Numérotez vos abattis, ce deuxième album est un énorme bourre-pif à tous ceux qui n’ont que moyennement cru à ce groupe, nous y compris. C’est bon, on retiendra la leçon.


Ladyhawk, quartet basé à Vancouver, nous avait quelque peu déçus avec un premier album éponyme à moitié réussi. A vrai dire, pour faire, court, les cinq premiers titres déchiraient tout, les cinq autres essayaient de réparer les dégâts. Pas très rock’n’roll tout ça. On écrivait d’ailleurs d’eux qu’il leur fallait quelques baffes, et il y a fort à parier que leur idole et compatriote Neil Young s’en est chargé lui-même. On entend d’ici le sermon : « les gars, le Crazy Horse, quand il matraquait ses guitares, à la fin il ne restait que du sang et un peu de sueur sur scène ; alors virez-moi ces bouchons des oreilles et balancez la purée ! ». Leçon entendue, le bien nommé Shots en est la preuve irréfutable.

D’abord il y a un rock furibard et enjoué comme le Loner l’a chéri en 1969, avec grosse cavalerie, riffs cinglants et son poussiéreux (mais gros son quand même). D’ailleurs, l’ambiance un brin légère des trois premiers titres de Shots, tirant l’évidence mélodique du folk-rock vers des contrées souvent traversées mais toujours revisitées avec joie quand elles sont honorées comme ici, est une invite à pousser le volume, notamment pour bénéficier à plein du finale tonitruant de “Fear”. Et ce serait une bonne idée de suivre la consigne parce qu’à partir de là, on change de cieux. Car voyez-vous, il semblerait que les quatre barbus de Ladyhawk n’aient que très moyennement apprécié la volée de roustes sus-citée.

Dès les premières notes de “Corpse Paint”, l’ambiance devient marécageuse pour finir dans un bain de sang au bout des dix minutes de “Ghost Blues”. Le folk-rock rigolard et un brin braillard du début cède en effet la place à un blues-rock malade, torturé. “(I’ll Be Your) Ashtray” commence sur des accords bluesy tout à fait conventionnels, mais cette voix digne du meilleur Kurt Cobain au moment d’enregistrer “Rape Me”, gluante et comme alcoolisée, augure d’un futur proche plus que décadent. Et la suite confirme puisque la chanson s’achève brutalement après une agonie sadique de guitares.

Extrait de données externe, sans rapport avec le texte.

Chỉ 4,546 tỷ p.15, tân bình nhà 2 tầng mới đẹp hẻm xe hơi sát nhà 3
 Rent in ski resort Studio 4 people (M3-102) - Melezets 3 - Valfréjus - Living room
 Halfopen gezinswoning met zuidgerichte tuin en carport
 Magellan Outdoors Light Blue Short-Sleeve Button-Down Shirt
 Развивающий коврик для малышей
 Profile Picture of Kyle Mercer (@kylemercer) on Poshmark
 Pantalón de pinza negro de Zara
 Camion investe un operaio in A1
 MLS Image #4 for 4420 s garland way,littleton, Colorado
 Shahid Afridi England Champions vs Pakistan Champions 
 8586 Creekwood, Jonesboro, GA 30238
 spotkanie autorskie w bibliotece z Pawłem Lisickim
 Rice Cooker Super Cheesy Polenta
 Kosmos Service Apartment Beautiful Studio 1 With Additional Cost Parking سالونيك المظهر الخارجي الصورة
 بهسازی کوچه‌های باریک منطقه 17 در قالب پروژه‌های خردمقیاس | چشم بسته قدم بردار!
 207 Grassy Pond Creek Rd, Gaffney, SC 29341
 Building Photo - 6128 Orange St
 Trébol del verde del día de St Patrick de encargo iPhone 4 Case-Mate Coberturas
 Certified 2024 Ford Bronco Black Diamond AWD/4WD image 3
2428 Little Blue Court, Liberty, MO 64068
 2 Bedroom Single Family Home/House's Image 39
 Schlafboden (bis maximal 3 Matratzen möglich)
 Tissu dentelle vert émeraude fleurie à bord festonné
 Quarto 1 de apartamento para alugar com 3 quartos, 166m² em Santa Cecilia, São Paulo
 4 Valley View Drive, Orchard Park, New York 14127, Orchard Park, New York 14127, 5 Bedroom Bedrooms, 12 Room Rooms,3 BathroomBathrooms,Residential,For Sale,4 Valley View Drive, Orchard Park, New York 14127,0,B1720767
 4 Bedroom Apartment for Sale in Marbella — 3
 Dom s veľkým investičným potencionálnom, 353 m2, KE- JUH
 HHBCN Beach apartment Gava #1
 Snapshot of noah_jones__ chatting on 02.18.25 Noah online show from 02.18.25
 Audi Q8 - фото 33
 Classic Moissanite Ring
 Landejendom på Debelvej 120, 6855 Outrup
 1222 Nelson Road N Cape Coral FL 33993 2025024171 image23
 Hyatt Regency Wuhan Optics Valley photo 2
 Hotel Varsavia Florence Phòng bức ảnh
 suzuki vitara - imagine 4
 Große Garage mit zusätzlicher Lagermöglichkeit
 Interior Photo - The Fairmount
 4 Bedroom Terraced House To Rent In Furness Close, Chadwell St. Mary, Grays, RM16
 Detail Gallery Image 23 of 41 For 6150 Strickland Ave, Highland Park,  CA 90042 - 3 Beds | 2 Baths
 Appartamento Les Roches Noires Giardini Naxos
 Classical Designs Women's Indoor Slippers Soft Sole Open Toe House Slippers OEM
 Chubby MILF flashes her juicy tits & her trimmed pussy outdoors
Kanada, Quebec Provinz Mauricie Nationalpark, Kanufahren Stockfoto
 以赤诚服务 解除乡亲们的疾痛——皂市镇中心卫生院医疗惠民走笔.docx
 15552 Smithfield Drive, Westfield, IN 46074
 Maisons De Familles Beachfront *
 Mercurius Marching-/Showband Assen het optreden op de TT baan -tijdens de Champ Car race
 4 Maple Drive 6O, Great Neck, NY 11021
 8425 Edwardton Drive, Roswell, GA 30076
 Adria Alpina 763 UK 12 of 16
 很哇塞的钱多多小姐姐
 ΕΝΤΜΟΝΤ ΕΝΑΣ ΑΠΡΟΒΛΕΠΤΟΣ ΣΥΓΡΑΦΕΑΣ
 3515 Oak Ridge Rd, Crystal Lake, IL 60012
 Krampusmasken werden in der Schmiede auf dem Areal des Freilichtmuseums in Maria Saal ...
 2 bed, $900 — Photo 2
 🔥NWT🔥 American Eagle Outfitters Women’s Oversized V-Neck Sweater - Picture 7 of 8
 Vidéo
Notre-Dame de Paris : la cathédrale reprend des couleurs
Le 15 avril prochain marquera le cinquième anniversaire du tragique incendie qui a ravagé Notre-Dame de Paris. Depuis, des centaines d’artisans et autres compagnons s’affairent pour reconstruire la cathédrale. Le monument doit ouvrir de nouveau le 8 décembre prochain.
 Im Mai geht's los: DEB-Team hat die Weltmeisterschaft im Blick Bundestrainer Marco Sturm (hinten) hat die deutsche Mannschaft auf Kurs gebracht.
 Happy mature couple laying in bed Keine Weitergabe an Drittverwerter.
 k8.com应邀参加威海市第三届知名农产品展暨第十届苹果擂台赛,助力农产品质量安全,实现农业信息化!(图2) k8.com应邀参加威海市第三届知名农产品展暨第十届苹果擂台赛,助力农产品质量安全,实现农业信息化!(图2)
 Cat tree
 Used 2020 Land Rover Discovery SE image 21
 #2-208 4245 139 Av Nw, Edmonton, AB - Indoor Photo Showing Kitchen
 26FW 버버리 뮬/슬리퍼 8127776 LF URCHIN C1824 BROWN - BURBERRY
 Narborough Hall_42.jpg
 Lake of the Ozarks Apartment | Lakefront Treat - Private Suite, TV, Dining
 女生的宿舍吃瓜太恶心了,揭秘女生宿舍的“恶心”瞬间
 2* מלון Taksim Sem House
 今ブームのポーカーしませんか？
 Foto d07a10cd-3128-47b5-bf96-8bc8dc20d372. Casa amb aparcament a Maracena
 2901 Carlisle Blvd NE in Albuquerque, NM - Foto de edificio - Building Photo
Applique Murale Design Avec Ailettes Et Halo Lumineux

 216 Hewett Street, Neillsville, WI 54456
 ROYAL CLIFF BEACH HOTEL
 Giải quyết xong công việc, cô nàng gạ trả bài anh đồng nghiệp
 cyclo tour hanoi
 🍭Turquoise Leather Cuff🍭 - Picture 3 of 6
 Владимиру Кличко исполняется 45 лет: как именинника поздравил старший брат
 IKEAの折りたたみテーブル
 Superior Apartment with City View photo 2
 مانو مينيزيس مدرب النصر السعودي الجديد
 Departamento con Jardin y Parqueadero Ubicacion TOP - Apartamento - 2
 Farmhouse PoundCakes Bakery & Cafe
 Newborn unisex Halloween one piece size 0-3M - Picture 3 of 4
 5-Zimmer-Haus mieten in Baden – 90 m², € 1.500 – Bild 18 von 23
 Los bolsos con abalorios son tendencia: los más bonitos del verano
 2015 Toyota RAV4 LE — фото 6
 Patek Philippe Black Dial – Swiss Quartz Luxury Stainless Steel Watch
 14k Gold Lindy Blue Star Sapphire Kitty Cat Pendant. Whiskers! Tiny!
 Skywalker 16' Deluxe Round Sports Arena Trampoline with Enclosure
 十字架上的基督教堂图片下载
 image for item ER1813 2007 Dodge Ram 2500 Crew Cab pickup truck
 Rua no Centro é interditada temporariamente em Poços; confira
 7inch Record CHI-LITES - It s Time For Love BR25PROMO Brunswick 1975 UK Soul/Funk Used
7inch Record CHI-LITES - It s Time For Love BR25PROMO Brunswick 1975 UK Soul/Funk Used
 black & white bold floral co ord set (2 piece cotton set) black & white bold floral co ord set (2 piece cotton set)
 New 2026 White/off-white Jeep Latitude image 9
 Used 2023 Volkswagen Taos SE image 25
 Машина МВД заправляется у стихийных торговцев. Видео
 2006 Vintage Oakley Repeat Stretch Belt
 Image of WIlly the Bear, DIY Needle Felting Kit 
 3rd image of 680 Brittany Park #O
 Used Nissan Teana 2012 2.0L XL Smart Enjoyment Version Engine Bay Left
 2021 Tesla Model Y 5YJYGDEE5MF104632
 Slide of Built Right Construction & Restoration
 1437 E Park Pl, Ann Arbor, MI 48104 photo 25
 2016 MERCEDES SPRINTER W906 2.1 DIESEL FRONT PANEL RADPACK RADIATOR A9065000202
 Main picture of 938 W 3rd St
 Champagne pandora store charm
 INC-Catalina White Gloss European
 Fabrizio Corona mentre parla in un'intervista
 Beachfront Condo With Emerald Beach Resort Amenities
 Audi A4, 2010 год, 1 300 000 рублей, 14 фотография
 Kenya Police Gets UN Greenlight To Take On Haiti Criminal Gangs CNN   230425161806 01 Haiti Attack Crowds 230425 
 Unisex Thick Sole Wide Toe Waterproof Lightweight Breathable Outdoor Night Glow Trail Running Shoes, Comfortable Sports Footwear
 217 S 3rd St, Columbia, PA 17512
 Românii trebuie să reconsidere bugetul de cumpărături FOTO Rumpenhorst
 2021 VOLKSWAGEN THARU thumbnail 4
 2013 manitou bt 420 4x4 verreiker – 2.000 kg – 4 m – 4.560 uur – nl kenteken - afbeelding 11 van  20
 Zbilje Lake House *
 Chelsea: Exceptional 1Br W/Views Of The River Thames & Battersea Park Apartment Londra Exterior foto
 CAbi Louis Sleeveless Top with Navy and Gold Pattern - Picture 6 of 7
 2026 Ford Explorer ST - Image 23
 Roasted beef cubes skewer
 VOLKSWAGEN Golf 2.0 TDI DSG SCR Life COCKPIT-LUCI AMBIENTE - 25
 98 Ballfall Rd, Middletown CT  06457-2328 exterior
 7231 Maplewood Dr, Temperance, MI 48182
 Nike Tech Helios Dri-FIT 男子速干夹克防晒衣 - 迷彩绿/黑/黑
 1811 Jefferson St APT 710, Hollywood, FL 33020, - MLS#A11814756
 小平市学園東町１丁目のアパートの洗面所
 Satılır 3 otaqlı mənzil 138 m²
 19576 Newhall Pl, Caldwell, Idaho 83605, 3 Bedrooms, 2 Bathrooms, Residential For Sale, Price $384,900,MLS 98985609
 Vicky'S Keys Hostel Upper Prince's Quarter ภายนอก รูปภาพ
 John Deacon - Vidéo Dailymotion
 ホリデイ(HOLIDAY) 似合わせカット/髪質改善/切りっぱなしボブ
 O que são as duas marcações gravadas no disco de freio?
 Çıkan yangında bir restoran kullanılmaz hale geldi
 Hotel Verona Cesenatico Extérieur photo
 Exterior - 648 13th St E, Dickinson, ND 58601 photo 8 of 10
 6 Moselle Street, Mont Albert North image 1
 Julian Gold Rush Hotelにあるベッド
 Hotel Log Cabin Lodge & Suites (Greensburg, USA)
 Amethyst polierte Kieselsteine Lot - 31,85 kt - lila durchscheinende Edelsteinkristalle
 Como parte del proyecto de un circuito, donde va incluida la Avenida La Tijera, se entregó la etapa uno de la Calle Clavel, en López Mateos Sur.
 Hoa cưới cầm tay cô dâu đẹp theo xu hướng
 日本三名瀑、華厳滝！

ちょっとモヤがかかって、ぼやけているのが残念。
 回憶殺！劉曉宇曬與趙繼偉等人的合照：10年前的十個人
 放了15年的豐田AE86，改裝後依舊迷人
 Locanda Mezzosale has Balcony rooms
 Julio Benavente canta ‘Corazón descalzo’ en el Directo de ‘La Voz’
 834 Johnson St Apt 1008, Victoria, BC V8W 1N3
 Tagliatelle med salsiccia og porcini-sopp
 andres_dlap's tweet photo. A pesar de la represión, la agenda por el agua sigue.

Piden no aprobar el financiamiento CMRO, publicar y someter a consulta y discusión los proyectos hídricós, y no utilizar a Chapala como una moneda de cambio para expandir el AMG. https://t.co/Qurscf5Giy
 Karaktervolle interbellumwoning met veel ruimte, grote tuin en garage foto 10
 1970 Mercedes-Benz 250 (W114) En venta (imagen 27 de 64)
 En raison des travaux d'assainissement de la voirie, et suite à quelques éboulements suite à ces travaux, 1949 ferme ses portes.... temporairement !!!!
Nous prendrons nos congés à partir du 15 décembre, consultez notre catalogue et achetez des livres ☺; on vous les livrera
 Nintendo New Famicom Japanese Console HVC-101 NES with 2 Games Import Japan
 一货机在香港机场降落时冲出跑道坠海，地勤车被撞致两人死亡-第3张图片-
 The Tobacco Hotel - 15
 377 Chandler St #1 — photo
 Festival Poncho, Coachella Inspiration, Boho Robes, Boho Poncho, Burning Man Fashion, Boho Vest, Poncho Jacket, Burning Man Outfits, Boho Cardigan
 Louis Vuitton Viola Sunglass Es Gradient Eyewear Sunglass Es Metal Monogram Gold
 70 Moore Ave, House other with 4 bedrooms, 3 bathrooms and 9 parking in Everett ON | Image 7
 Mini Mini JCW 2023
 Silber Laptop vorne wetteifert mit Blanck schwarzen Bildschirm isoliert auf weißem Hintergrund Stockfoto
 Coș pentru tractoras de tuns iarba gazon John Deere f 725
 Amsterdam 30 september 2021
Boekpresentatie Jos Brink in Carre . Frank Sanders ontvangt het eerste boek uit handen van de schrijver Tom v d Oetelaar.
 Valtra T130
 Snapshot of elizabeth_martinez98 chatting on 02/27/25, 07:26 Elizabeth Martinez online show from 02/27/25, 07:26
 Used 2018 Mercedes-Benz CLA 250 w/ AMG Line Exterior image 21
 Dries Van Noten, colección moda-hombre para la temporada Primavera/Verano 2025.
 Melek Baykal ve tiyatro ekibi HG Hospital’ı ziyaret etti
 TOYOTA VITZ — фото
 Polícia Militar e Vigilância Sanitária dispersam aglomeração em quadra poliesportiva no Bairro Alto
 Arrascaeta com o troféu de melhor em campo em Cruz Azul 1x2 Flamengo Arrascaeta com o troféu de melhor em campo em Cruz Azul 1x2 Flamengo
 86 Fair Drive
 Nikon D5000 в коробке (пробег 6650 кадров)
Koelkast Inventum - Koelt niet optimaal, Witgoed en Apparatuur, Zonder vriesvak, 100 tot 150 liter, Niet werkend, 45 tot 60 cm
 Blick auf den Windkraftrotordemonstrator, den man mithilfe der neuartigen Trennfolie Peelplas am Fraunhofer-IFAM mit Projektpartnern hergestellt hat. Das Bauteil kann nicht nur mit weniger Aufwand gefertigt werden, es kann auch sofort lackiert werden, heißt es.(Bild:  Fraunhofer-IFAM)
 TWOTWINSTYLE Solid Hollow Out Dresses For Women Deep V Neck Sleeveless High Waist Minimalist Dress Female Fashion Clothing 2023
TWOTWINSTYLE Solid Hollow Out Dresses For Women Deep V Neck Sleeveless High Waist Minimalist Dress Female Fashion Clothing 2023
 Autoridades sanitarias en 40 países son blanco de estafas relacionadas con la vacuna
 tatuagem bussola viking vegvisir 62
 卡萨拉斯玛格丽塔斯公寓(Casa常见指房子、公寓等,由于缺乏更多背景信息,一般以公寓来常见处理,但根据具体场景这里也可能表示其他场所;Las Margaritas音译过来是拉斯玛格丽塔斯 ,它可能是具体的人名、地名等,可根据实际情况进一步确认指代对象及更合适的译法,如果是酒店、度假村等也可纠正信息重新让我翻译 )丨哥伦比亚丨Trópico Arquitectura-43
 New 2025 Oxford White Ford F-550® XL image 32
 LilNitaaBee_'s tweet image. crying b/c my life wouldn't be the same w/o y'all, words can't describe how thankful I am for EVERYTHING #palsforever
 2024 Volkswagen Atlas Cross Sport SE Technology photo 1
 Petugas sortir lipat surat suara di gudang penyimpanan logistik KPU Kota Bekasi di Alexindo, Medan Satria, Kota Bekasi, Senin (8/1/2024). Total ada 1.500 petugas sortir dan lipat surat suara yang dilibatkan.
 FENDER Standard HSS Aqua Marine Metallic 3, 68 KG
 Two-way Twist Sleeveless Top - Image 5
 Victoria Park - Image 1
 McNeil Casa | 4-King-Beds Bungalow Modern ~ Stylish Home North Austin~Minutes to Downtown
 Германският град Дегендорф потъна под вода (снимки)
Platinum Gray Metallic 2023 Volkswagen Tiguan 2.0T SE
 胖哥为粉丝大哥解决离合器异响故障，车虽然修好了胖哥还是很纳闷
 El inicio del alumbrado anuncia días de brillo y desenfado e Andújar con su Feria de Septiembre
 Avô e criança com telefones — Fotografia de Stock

Le disque suit logiquement son cours en s’enfonçant toujours un peu plus dans la fange, les titres s’étirant toujours plus en longueur, comme irrésistiblement attirés par le soleil noir que sera le morceau final. Peut-être “Night Beautiful” serait-elle la chanson la moins consciente de son destin avec ses choeurs féminins pompés au “Walk on the Wild Side” de Lou Reed, jovialité assez rapidement contrariée par ces mêmes guitares toujours meurtrières. Puis il y a “You Ran”, un titre qui tente de s’échapper avec sa rythmique de feu, son refrain shooté aux amphétamines et ses guitares (et oui, toujours elles) qui se carapatent comme si elles avaient le feu aux fesses ; mais c’est peine perdue, la course s’arrêtera au bout de 1’45.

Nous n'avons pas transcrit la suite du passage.